The solution first sorts the array because the whole argument depends on the ordering of lengths. Python integers handle the possible values up to 10^18, so no special overflow handling is needed.

Only the first 4k values are accessed. The loop increases by two because each iteration consumes one pair. The boundary is exactly 4k, since every bed needs four planks and there are k beds.

The memory usage comes from storing the list of plank lengths. The algorithm does not need additional data structures.

Worked Examples

Sample 1

Input:

4
4 1
1 2 3 4
8 2
10 20 80 160 320 640 40 999999
5 1
2 1 2 1 2
20 3
56 100 8 19 25 46 18 19 9 15 10 7 11 5 24 5 77 12 99 23

For the first case:

Sorted planks Pair Added cost Total
1 2 3 4 (1,2) 1 1
1 2 3 4 (3,4) 1 2

The answer is 2. The example shows that pairing nearby lengths gives the best result.

Sample 2

Input:

8 2
10 20 80 160 320 640 40 999999

After sorting:

10 20 40 80 160 320 640 999999
Pair index Pair values Added cost Total
1 10, 20 10 10
2 40, 80 40 50
3 160, 320 160 210
4 640, 999999 999359 999569

The result is 999569. This demonstrates that even when one pair is very expensive, forcing a different pairing cannot reduce the total.

Complexity Analysis

Measure Complexity Explanation
Time O(n log n) Sorting dominates the work, and the final scan is linear.
Space O(n) The sorted list of plank lengths is stored.

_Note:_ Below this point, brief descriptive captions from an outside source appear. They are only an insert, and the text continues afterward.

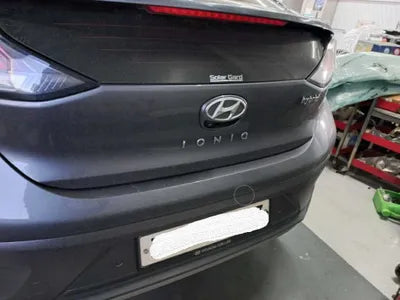 2020 Hyundai Ioniq KMHC051CGLU209308 VIN:KMHC051CGLU209308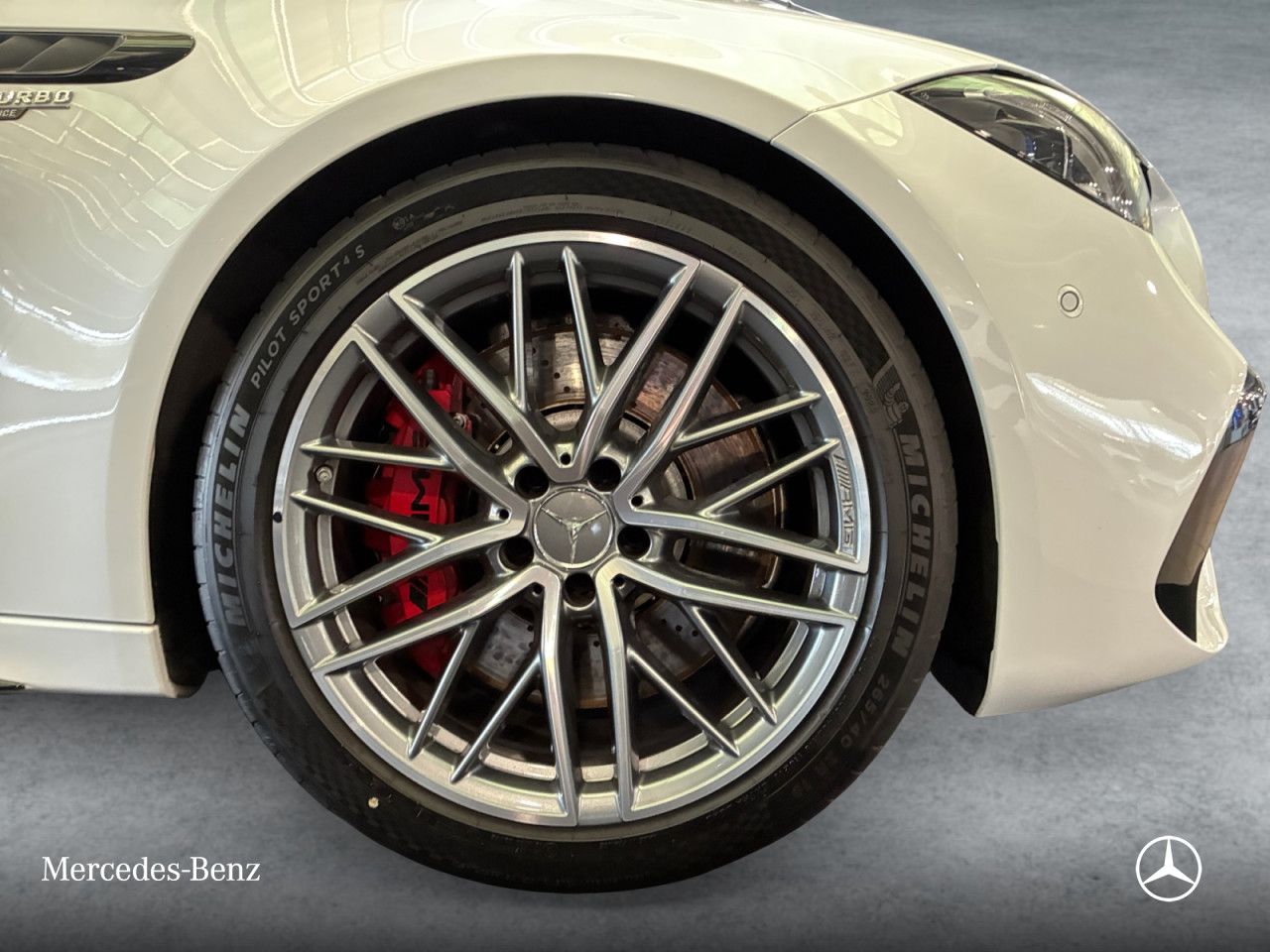 Mercedes-Benz C-Klasse – Bild 5
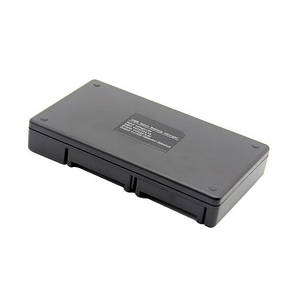 Зарядний Alitek USB для 2 акумуляторів Panasonic VW-VBG6 / VBG260 / VBG130 / VBD140 / VBD210, CGA-DU21, фото 2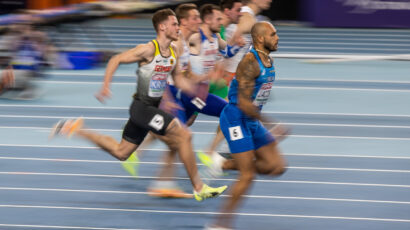 Jacobs celebrated in Savona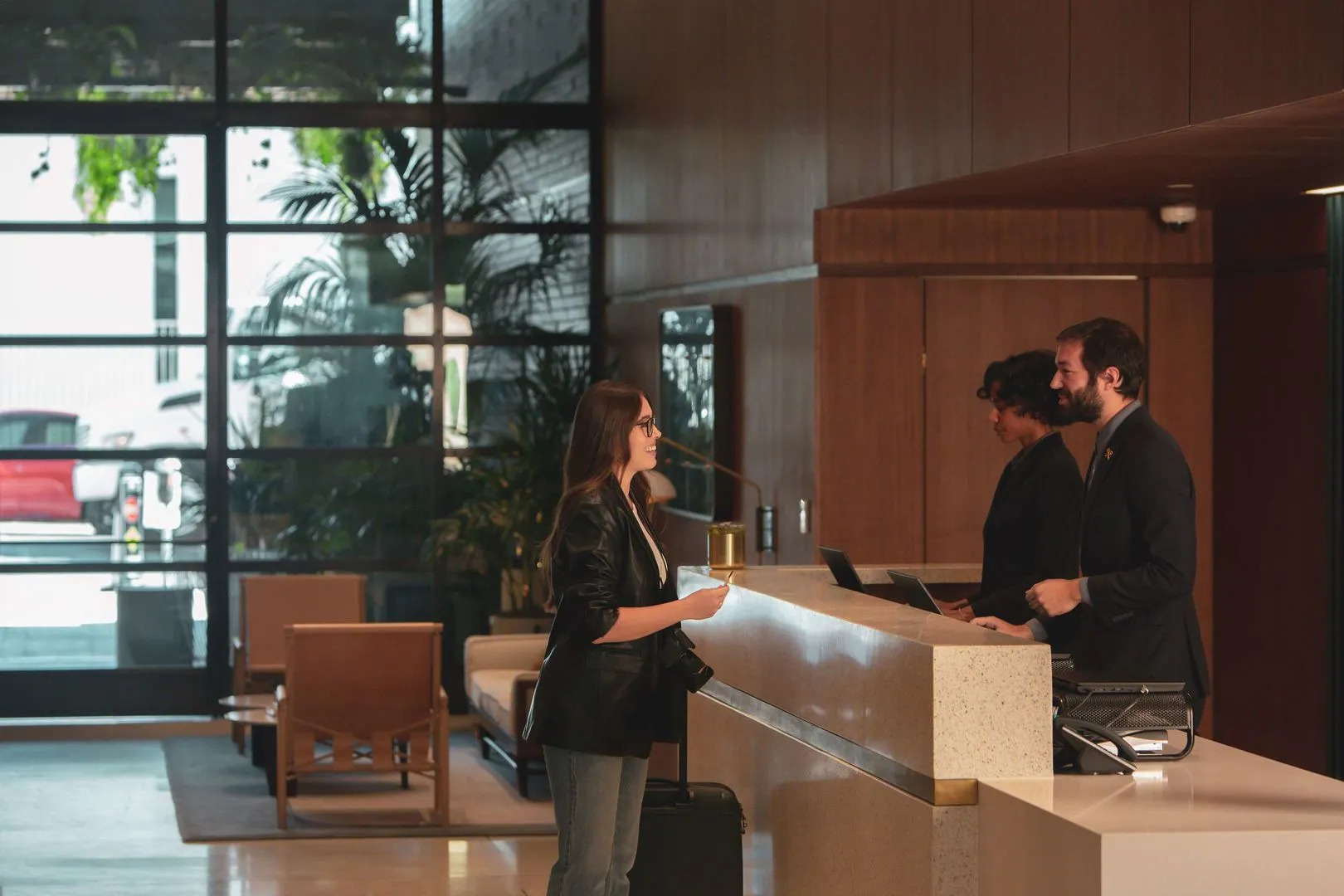 Foto - The Hollywood Grande, Autograph Collection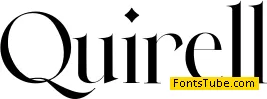 Quirell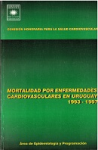 Mortalidad por enfermedades cardiovasculares en el Uruguay 1993-1997 vignette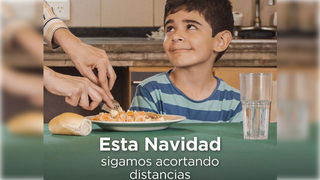 Campaña Caritas Argentina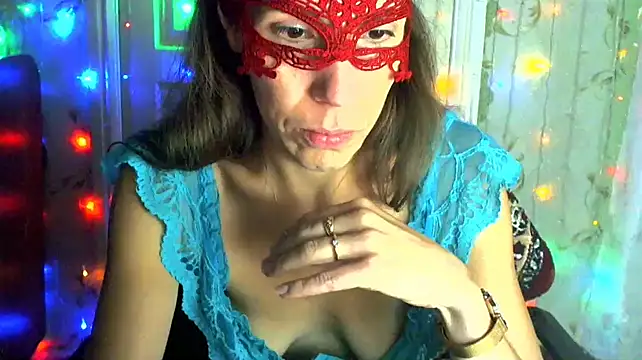 Ladywinter online show from 09-12-25, 03:56
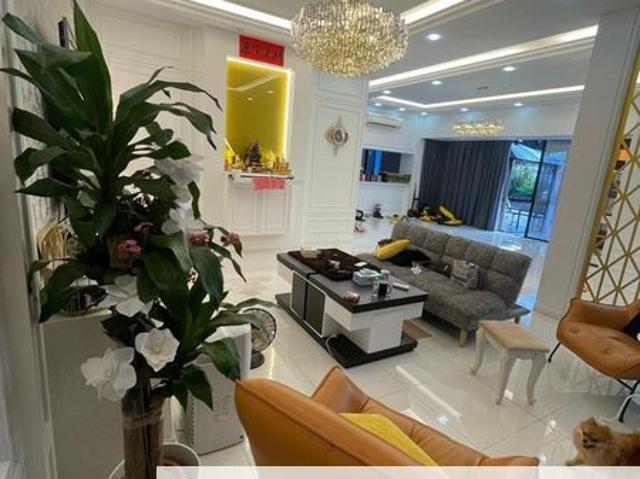 Cheras Vista
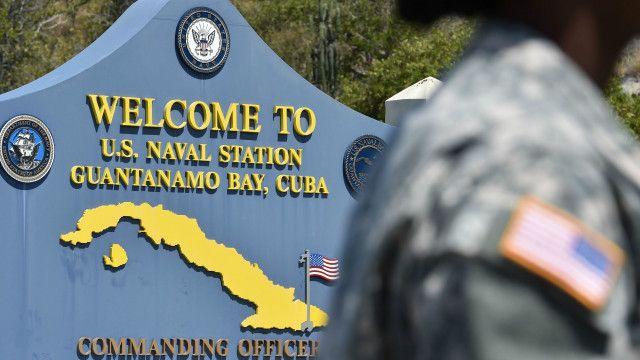 China denuncia crímenes de EEUU en cárcel de Guantánamo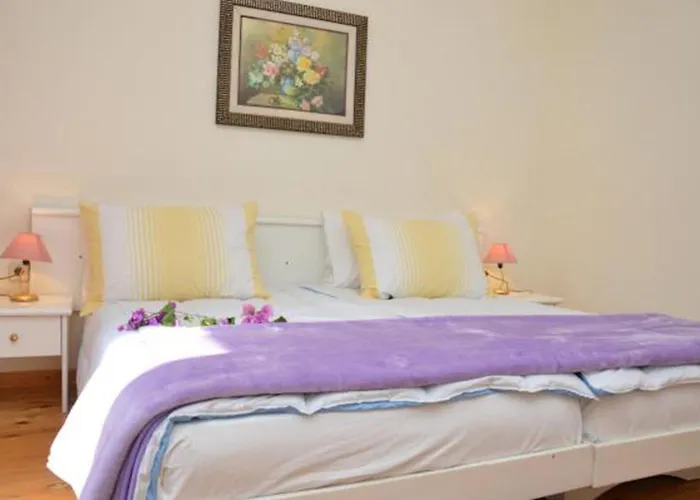 Apartamento Aurelia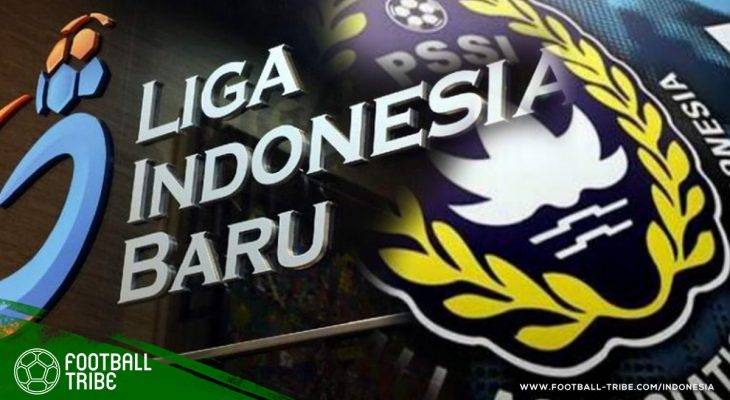 Liga Indonesia, Liga yang Tak Pernah Tepat Waktu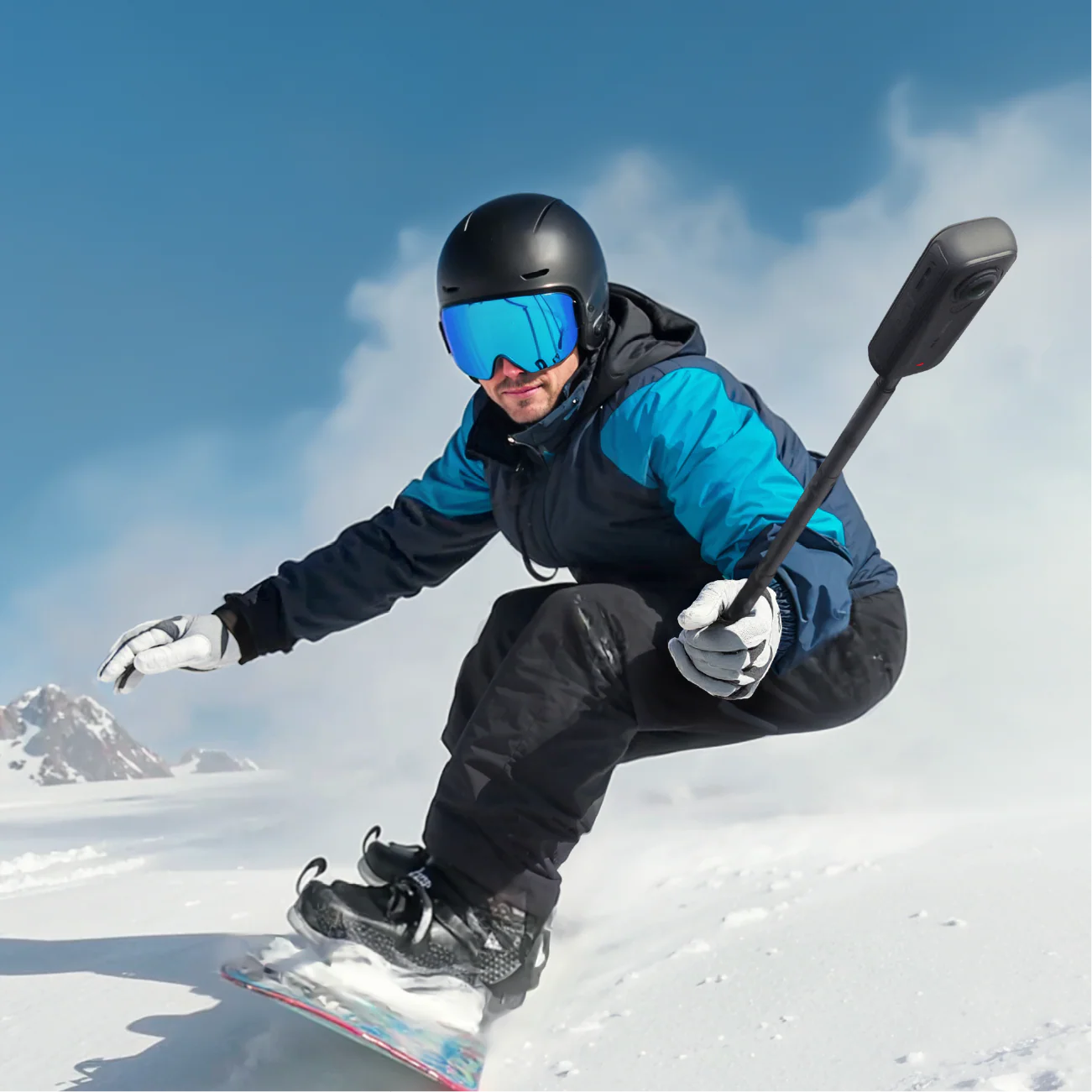 Insta360 X4 Air Action Camera - Image 14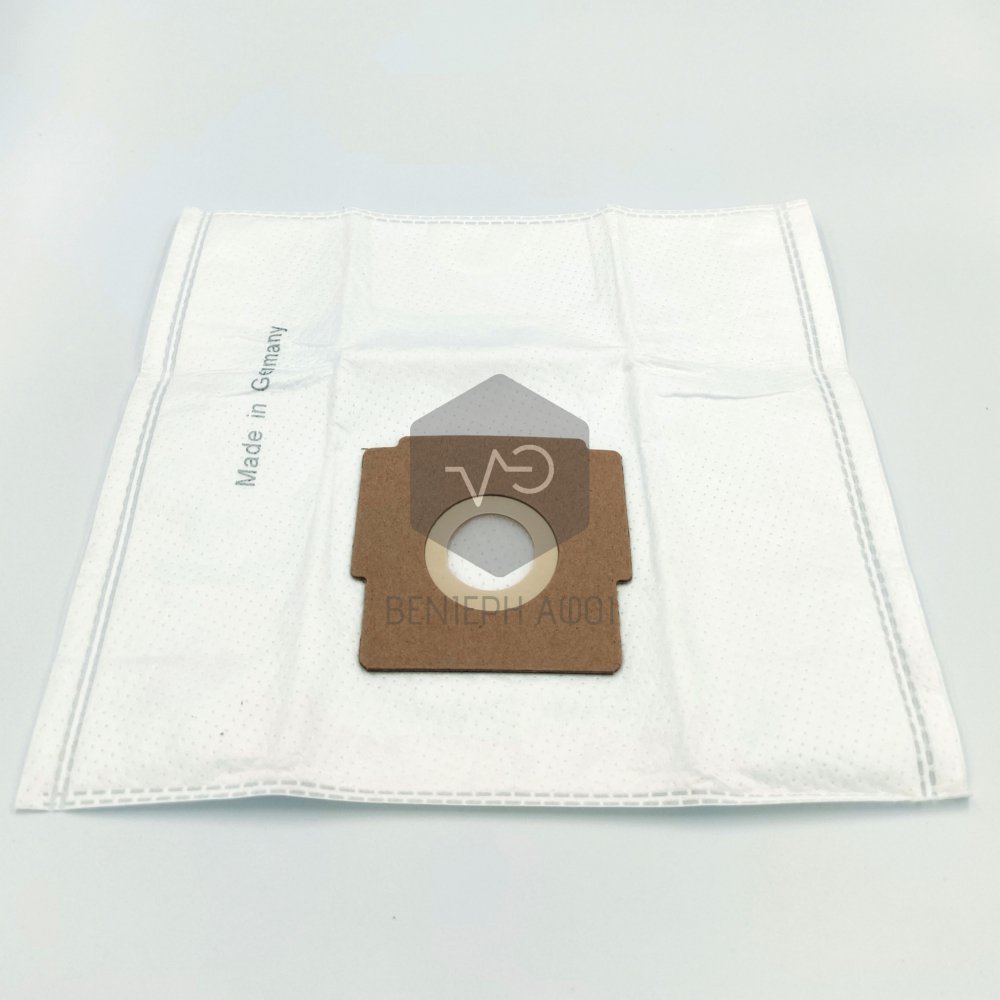Vacuum cleaner bag ZELMER/ KENWOOD/ FAKIR sZ322s.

The total number of planks over all test cases is at most 5 * 10^5, so the sorting-based solution easily fits within the required limits.

Test Cases

import sys
import io

def solve(inp: str) -> str:
    old_stdin = sys.stdin
    sys.stdin = io.StringIO(inp)

    import sys
    input = sys.stdin.readline

    t = int(input())
    ans = []

    for _ in range(t):
        n, k = map(int, input().split())
        a = list(map(int, input().split()))
        a.sort()

        cur = 0
        for i in range(0, 4 * k, 2):
            cur += a[i + 1] - a[i]

        ans.append(str(cur))

    sys.stdin = old_stdin
    return "\n".join(ans)

assert solve("""4
4 1
1 2 3 4
8 2
10 20 80 160 320 640 40 999999
5 1
2 1 2 1 2
20 3
56 100 8 19 25 46 18 19 9 15 10 7 11 5 24 5 77 12 99 23
""") == """2
999569
0
4""", "samples"

assert solve("""1
4 1
1000000000000000000 999999999999999999 5 6
""") == "2", "large values"

assert solve("""1
8 2
7 7 7 7 7 7 7 7
""") == "0", "all equal values"

assert solve("""1
12 3
1 2 3 4 100 101 102 103 200 201 202 203
""") == "6", "multiple beds"

assert solve("""1
4 1
8 1 10 3
""") == "4", "boundary pairing"
Test input Expected output What it validates
4 1 with 1 2 3 4 2 Minimum size case and correct adjacent pairing
Very large lengths 2 Large integer handling
Eight equal values 0 Perfect matching with duplicate lengths
Twelve values split into three groups 6 Multiple beds
Unsorted four values 4 Sorting and boundary behavior

Edge Cases

For the case:

1
4 1
1 2 3 4

the algorithm sorts the values, takes all four planks, and forms pairs (1,2) and (3,4). The accumulated cost is 1 + 1 = 2, avoiding the common mistake of pairing distant values.

For:

1
5 1
2 1 2 1 2

sorting gives:

1 1 2 2 2

The algorithm only needs the first four values:

1 1 2 2

The pairs are (1,1) and (2,2), so the deviation is 0. The extra plank is unnecessary because the minimum number of pairs can already be formed.

For very large plank lengths, such as:

1
4 1
1000000000000000000 999999999999999999 5 6

sorting gives:

5 6 999999999999999999 1000000000000000000

The two pair differences are 1 and 1, so the answer is 2. The calculation remains correct because Python integers support arbitrary precision.